**Assignment**. Output the entries below without any alteration.

==== Input data

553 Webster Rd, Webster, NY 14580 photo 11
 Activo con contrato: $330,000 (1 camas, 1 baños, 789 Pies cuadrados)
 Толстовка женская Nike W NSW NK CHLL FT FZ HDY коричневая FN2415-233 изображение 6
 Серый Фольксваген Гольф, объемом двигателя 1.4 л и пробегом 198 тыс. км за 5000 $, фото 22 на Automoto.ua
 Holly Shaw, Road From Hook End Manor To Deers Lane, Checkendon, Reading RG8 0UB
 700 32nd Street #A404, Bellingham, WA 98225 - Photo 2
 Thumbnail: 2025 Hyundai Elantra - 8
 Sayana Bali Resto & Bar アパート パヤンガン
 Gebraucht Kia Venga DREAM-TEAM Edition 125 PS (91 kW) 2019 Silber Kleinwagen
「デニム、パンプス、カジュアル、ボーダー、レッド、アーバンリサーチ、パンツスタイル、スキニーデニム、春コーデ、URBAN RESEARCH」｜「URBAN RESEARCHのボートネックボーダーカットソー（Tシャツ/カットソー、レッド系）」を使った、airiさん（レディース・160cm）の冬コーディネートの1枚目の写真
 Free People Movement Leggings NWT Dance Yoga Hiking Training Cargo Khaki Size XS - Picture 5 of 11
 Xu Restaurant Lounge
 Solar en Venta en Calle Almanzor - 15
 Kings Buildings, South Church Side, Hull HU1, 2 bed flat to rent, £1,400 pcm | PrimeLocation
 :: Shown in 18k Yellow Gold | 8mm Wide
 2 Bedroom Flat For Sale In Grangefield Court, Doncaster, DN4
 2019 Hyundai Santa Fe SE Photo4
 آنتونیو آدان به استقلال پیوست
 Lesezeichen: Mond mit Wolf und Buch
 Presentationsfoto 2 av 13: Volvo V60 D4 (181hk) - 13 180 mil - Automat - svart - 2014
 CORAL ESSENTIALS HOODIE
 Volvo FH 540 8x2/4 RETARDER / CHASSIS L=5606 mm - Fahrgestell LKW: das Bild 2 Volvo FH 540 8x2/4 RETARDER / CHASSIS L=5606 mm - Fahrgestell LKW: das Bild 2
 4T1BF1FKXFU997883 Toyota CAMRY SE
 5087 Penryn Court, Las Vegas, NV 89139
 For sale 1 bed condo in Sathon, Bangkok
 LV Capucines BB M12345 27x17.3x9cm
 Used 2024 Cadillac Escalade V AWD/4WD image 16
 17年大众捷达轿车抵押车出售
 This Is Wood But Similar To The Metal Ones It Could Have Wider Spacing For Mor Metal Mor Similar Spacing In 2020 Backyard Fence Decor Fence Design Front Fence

========

**Result of the exercise**.
553 Webster Rd, Webster, NY 14580 photo 11
 Activo con contrato: $330,000 (1 camas, 1 baños, 789 Pies cuadrados)
 Толстовка женская Nike W NSW NK CHLL FT FZ HDY коричневая FN2415-233 изображение 6
 Серый Фольксваген Гольф, объемом двигателя 1.4 л и пробегом 198 тыс. км за 5000 $, фото 22 на Automoto.ua
 Holly Shaw, Road From Hook End Manor To Deers Lane, Checkendon, Reading RG8 0UB
 700 32nd Street #A404, Bellingham, WA 98225 - Photo 2
 Thumbnail: 2025 Hyundai Elantra - 8
 Sayana Bali Resto & Bar アパート パヤンガン
 Gebraucht Kia Venga DREAM-TEAM Edition 125 PS (91 kW) 2019 Silber Kleinwagen
「デニム、パンプス、カジュアル、ボーダー、レッド、アーバンリサーチ、パンツスタイル、スキニーデニム、春コーデ、URBAN RESEARCH」｜「URBAN RESEARCHのボートネックボーダーカットソー（Tシャツ/カットソー、レッド系）」を使った、airiさん（レディース・160cm）の冬コーディネートの1枚目の写真
 Free People Movement Leggings NWT Dance Yoga Hiking Training Cargo Khaki Size XS - Picture 5 of 11
 Xu Restaurant Lounge
 Solar en Venta en Calle Almanzor - 15
 Kings Buildings, South Church Side, Hull HU1, 2 bed flat to rent, £1,400 pcm | PrimeLocation
 :: Shown in 18k Yellow Gold | 8mm Wide
 2 Bedroom Flat For Sale In Grangefield Court, Doncaster, DN4
 2019 Hyundai Santa Fe SE Photo4
 آنتونیو آدان به استقلال پیوست
 Lesezeichen: Mond mit Wolf und Buch
 Presentationsfoto 2 av 13: Volvo V60 D4 (181hk) - 13 180 mil - Automat - svart - 2014
 CORAL ESSENTIALS HOODIE
 Volvo FH 540 8x2/4 RETARDER / CHASSIS L=5606 mm - Fahrgestell LKW: das Bild 2 Volvo FH 540 8x2/4 RETARDER / CHASSIS L=5606 mm - Fahrgestell LKW: das Bild 2
 4T1BF1FKXFU997883 Toyota CAMRY SE
 5087 Penryn Court, Las Vegas, NV 89139
 For sale 1 bed condo in Sathon, Bangkok
 LV Capucines BB M12345 27x17.3x9cm
 Used 2024 Cadillac Escalade V AWD/4WD image 16
 17年大众捷达轿车抵押车出售
 This Is Wood But Similar To The Metal Ones It Could Have Wider Spacing For Mor Metal Mor Similar Spacing In 2020 Backyard Fence Decor Fence Design Front Fence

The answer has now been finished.